De la main, Vincent Boillat désigne une vieille maison au bord de la route, dans le même corps de bâtiment, c’est la mère de la fromagerie actuelle. «Voici l’ancienne fromagerie, construite dans les années trente et qui a déjà subi plusieurs rénovations, la dernière en 2002, avec de nouvelles caves construites en 2014. Le bâtiment de la nouvelle fromagerie est un prolongement de l’ancienne, sur une parcelle de 1500 mètres carrés. Ce fut un gros défi et nous avons été bien soutenu par la Commune de Develier.»

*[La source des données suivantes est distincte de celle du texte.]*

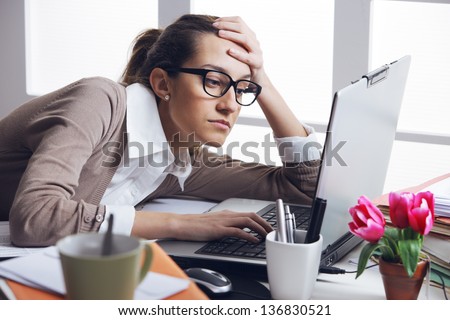 Young and beautiful businesswoman tired from work in the office.Woman holding her head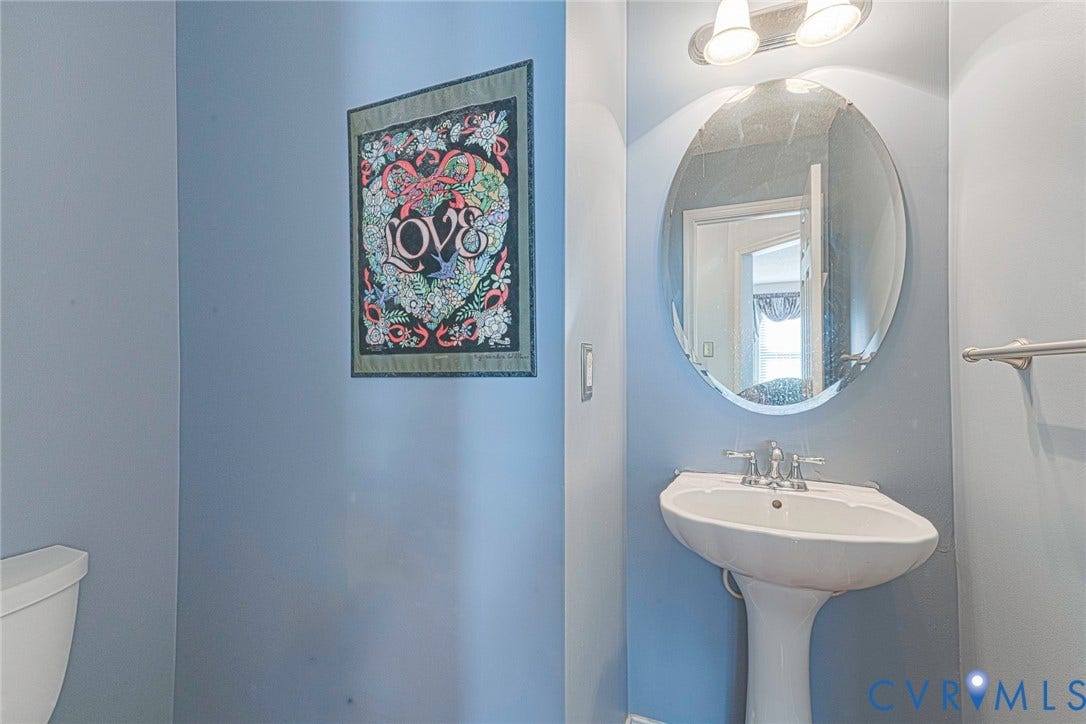 1900 Brilland Court, Glen Allen, VA 23060 Pedestal sink with a dual-handle faucet, oval mirror, and a wall-mounted light fixture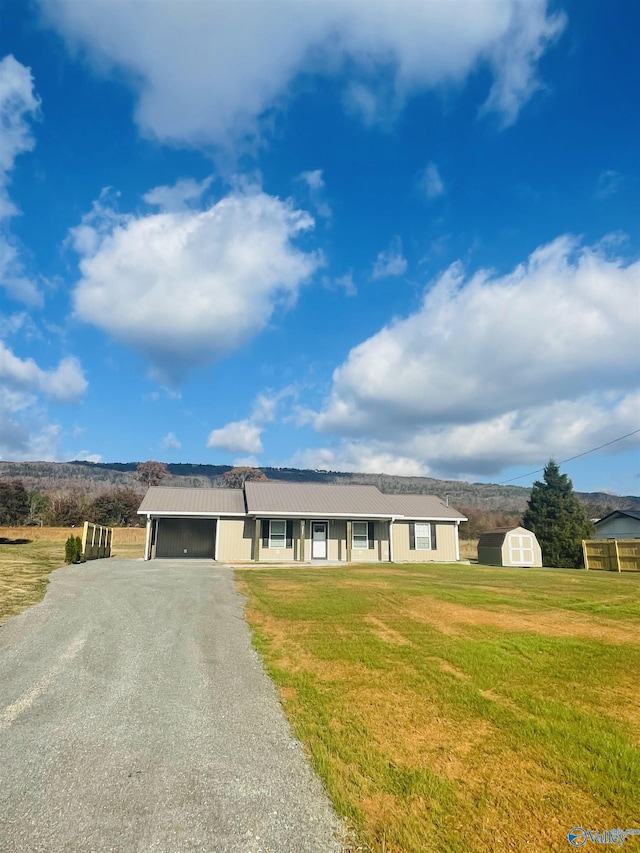 ranch-style home featuring a front lawn and a storage shed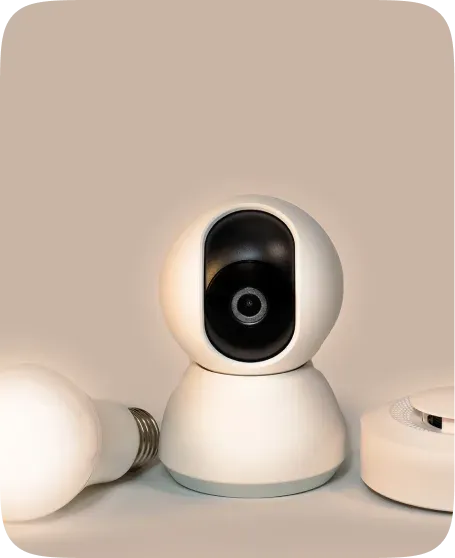 Smart home security camera beside a smart bulb and hub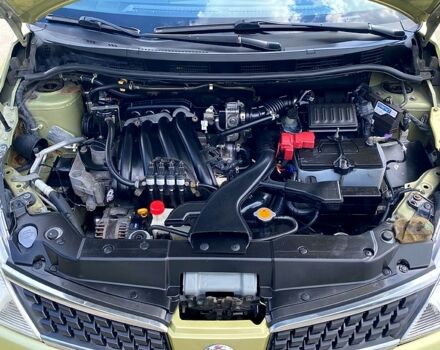 Желтый Ниссан Тиида, объемом двигателя 1.6 л и пробегом 155 тыс. км за 4799 $, фото 8 на Automoto.ua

La construction a pris deux ans et la production à proprement parler a débuté en novembre 2024. Pour la visite du 26 mars, tout est donc bien rôdé. On s’équipe avec des protège-chaussures et un bonnet de protection avant de visiter les installations qui permettent de traiter 3400 tonnes de lait par année dans deux cuves de 6600 litres. La production totale s’élève à 140 tonnes de Gruyère AOP traditionnel et 170 tonnes en bio.

La recette est éternelle. Le lait est directement coulé dans un cuve en cuivre, chauffé à 30°C, emprésuré, caillé puis décaillé, chauffé à 57° pour former le grain. Le tout est pompé et réparti dans les moules, puis pressé. Le robot de nettoyage s’appelle Placide!

La production actuelle se fait avec deux cuves via un système complexe de réchauffement et de refroidissement que l’on peut voir au sous-sol. Une troisième cuve pourrait être construite si les contingents sont attribués. L’emplacement est déjà fixé. Cela dit, avec ses 310 tonnes de Gruyère AOP, Develier restera un poids moyen par rapport à d’autres fromageries de la région. Celle de Courgenay (500 tonnes), celle de Noirmont (50 tonnes de Gruyère et 500 tonnes de Tête de Moine), celle de Saignelégier (1000 tonnes de Tête de Moine).

Jusqu’en 2024, le lait était acheté par la lucernoise Emmi. Puis, c’est la bâloise Miba société coopérative qui a repris la gestion de la fromagerie de Develier en créant une filiale, la Fromagerie Miba SA.

«L’idée du projet de développement régional (PDR) Créalait est de développer un outil indépendant au service des produits laitiers jurassiens, explique Olivier Boillat, nous voulons soutenir la production laitière dans le canton du Jura, optimiser de la valeur ajoutée sur place et au-delà, développer le savoir-faire régional en transformation laitière et structurer, dynamiser la filière laitière.»

Les premiers résultats sont là: selon les calculs effectués sur place par les responsables, le taux de transformation du lait produit dans le canton du Jura était de 28% en 2021. Selon les derniers chiffres, il est passé à 32% actuellement.

En plus de la nouvelle fromagerie, Créalait a d’autres projets, comme la création d’une plateforme logistique et d’un centre pour les produits labellisés. Le développement de trois fromageries fermières et de nouveaux produits. Deux séchoirs en grange (sur dix prévus) ont déjà été installés pour adapter la production de foin. Au plan marketing, l’association a mis en place une stratégie de promotion et de vente, lancé des magasins de producteurs locaux et même une série d’offres touristiques autour du lait. Les petits magasins de village sont destinés à la population locale dans un segment de consommation courante et des prix accessibles. Le lancement d’un magasin suprarégional des produits laitiers est prévu à Courtételle.

Sur la table, des petits tabliers pour enfants sur le thème du corbeau et du renard de La Fontaine. Avec les journées portes ouvertes, c’est surtout l’envie d’attirer un public de familles et de jeunes pour montrer la beauté de nos métiers. «Nous visons les jeunes, car nous voulons susciter des vocations pour dynamiser la relève. Cette fromagerie est pensée pour les prochaines générations et le cadre de travail est fantastique», sourit Vincent Boillat. Les 5 et 6 avril (cette édition a été bouclée le 2 avril déjà), des ateliers sont organisés pour montrer comment se fabriquent le fromage et le beurre dans ses jolis moules en bois. Il y a aussi des concours pour les écoles, des expositions et de quoi se restaurer!